All I can remember is the light in your eyes, when the fireworks sparkled. Remember last year this time? You dragged me off to buy sparklers.
There is a Rangoli at the door. My sister made it this year. Remember last year? You sat making it all day. When I returned home from work on Diwali eve, you dragged me by the arm to surprise me with it...and of course, we discovered that I had stepped on it on my way to our room.
I ended up repairing it, while you sat making a long face.
My mom pestered me to try her sweets this morning. Remember last year? You made four varieties of it..and I had to taste them all. You made me swear I would lie even if they were completely gross.
I had to. They were gross. But your smile was beautiful.
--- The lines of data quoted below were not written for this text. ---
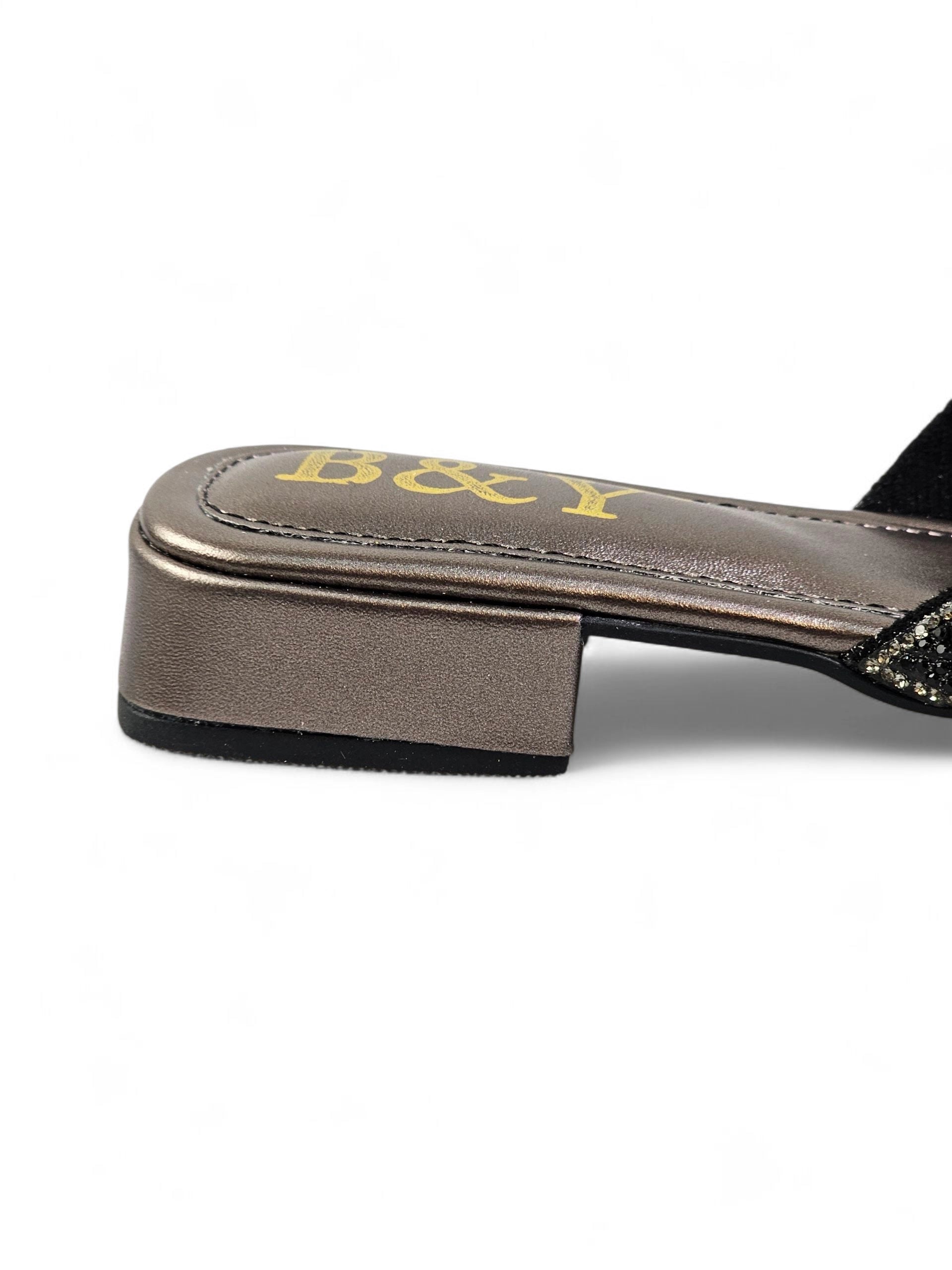 Chinelo 2001 Salto Baixo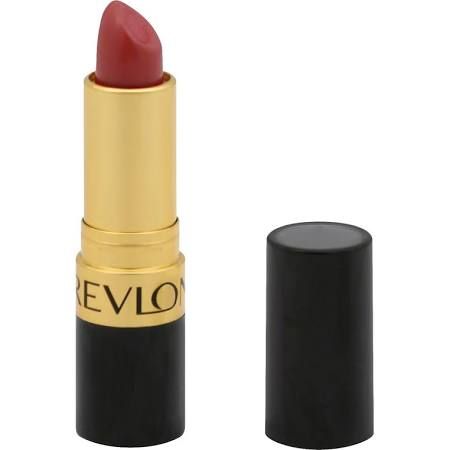 REVLON Super Lustrous Pearl Lipstick - 520 Wine with Everything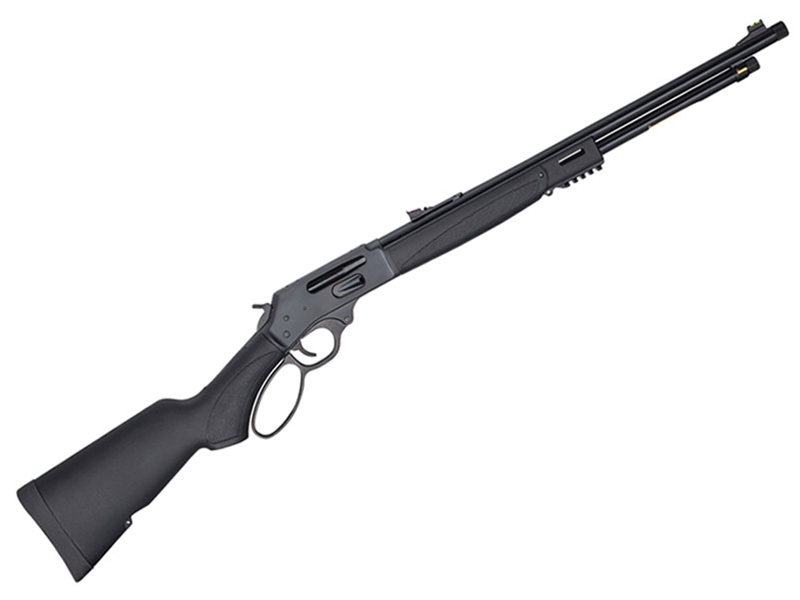 Henry Lever Action X  30-30 20' Rifle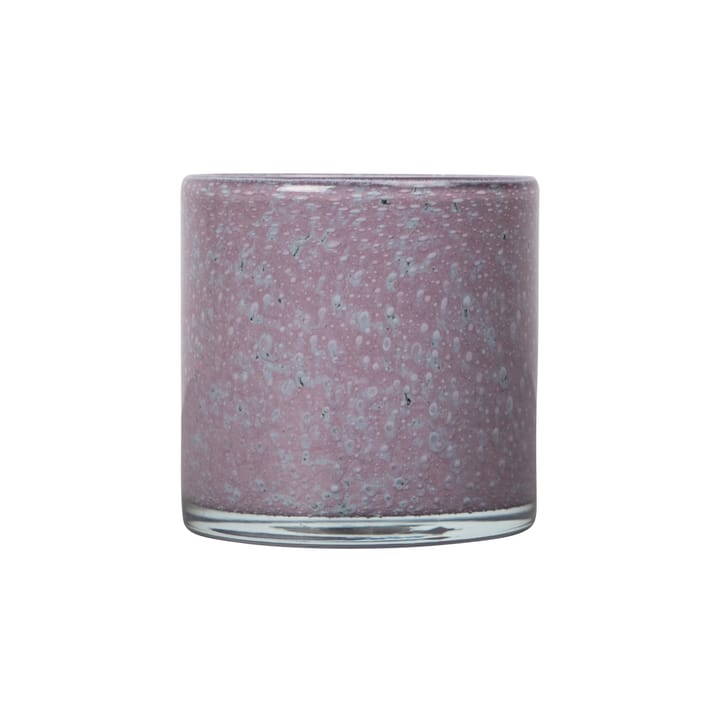 Portavelas Calore XS Ø10 cm - Lilac - Byon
I pick out my outfits now-a-days,every morning before work. I am sure you would scrunch up your nose at the sulky colours I pick.Trouble is, I can picture you pooh pooh-ing my charcoal grey suit...and trying to make me wear that light yellow shirt you bought for me. It lies forgotten in a corner. Moping.
and it breaks my heart. Every damn morning.
...
...
Marriage is not easy. It's the little things piled up. All the little trinkets of joy and the bittersweet tucked away. I thought ours would never end until death did us part.
How did we get here? Do you know?
If you don't who does?
But maybe you are right. If a bond is weak, it will break. But I think your side was weak. Not mine. Maybe it takes two parties to screw up a marriage. All I know is I did my part.
Small comfort. Or maybe more regret.